1, red-green color blindness
Red-green color blindness (Daltonism) is partial color blindness, which can be divided into red blindness and green blindness. Patients can't distinguish between red and green, so they regard them as two colors: long wave (red, orange, yellow and green) is yellow, and short wave (cyan, blue and purple) is blue. Red-green color blindness is a recessive genetic disease of X chromosome, and its cause is controversial.
Step 2 find out
Dalton was a famous British chemist and physicist in the 20th century. He bought a pair of "brown-gray" socks for his mother on Christmas Eve. When mother saw the socks, she thought they were too bright. She said to Dalton, "The cherry red socks you bought are too bright. How can I wear them? " Dalton was very surprised.
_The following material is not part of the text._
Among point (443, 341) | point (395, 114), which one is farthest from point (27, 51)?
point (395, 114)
The socks are obviously brown and gray. Why does his mother think they are cherry red? Dalton was puzzled and asked his brother and the people around him. All the people who were asked said that the socks were cherry red except his brother. Dalton didn't let this little thing go easily. After careful analysis and comparison, he found that his color vision and that of his brother were different from others. It turns out that they are all color blind. Although Dalton was neither a biologist nor a medical scientist, he became the first person to discover color blindness and the first person to be found to have color blindness. For this reason, he wrote a paper "On Color Blindness" and became the first person in the world to put forward the problem of color blindness. Later, in memory of him, people called color blindness Dalton's disease.